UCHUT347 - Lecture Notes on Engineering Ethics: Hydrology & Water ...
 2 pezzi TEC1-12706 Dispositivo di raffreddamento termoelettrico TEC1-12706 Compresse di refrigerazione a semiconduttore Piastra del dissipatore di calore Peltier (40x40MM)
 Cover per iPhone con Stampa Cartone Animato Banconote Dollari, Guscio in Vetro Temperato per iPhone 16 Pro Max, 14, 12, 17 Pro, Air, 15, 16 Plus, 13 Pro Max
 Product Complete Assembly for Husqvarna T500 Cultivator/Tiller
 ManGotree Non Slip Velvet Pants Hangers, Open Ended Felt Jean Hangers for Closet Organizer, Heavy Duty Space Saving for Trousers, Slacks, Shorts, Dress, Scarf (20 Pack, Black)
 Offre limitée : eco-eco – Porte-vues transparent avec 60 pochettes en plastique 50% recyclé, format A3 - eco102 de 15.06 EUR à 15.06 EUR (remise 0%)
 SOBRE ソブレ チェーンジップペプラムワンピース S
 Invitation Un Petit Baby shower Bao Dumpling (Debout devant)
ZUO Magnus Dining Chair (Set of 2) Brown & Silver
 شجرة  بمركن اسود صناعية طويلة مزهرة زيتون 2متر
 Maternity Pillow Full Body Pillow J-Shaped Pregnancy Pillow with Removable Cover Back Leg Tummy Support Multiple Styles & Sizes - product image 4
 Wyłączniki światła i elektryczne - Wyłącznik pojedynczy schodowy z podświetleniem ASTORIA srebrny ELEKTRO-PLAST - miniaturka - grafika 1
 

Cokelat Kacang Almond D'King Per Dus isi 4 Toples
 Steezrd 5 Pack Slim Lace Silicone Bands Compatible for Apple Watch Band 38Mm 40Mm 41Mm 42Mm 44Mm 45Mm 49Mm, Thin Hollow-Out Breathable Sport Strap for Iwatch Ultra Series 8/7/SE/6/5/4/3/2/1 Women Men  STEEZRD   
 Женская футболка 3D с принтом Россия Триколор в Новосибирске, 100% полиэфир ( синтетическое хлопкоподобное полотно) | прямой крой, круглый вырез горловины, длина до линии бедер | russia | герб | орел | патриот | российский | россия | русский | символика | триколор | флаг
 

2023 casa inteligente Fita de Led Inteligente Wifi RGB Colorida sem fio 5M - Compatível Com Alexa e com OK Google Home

....

**Exercise objective:**
An exact reproduction of the listing is needed.

**Result:**
UCHUT347 - Lecture Notes on Engineering Ethics: Hydrology & Water ...
 2 pezzi TEC1-12706 Dispositivo di raffreddamento termoelettrico TEC1-12706 Compresse di refrigerazione a semiconduttore Piastra del dissipatore di calore Peltier (40x40MM)
 Cover per iPhone con Stampa Cartone Animato Banconote Dollari, Guscio in Vetro Temperato per iPhone 16 Pro Max, 14, 12, 17 Pro, Air, 15, 16 Plus, 13 Pro Max
 Product Complete Assembly for Husqvarna T500 Cultivator/Tiller
 ManGotree Non Slip Velvet Pants Hangers, Open Ended Felt Jean Hangers for Closet Organizer, Heavy Duty Space Saving for Trousers, Slacks, Shorts, Dress, Scarf (20 Pack, Black)
 Offre limitée : eco-eco – Porte-vues transparent avec 60 pochettes en plastique 50% recyclé, format A3 - eco102 de 15.06 EUR à 15.06 EUR (remise 0%)
 SOBRE ソブレ チェーンジップペプラムワンピース S
 Invitation Un Petit Baby shower Bao Dumpling (Debout devant)
ZUO Magnus Dining Chair (Set of 2) Brown & Silver
 شجرة  بمركن اسود صناعية طويلة مزهرة زيتون 2متر
 Maternity Pillow Full Body Pillow J-Shaped Pregnancy Pillow with Removable Cover Back Leg Tummy Support Multiple Styles & Sizes - product image 4
 Wyłączniki światła i elektryczne - Wyłącznik pojedynczy schodowy z podświetleniem ASTORIA srebrny ELEKTRO-PLAST - miniaturka - grafika 1
 

Cokelat Kacang Almond D'King Per Dus isi 4 Toples
 Steezrd 5 Pack Slim Lace Silicone Bands Compatible for Apple Watch Band 38Mm 40Mm 41Mm 42Mm 44Mm 45Mm 49Mm, Thin Hollow-Out Breathable Sport Strap for Iwatch Ultra Series 8/7/SE/6/5/4/3/2/1 Women Men  STEEZRD   
 Женская футболка 3D с принтом Россия Триколор в Новосибирске, 100% полиэфир ( синтетическое хлопкоподобное полотно) | прямой крой, круглый вырез горловины, длина до линии бедер | russia | герб | орел | патриот | российский | россия | русский | символика | триколор | флаг
 

2023 casa inteligente Fita de Led Inteligente Wifi RGB Colorida sem fio 5M - Compatível Com Alexa e com OK Google Home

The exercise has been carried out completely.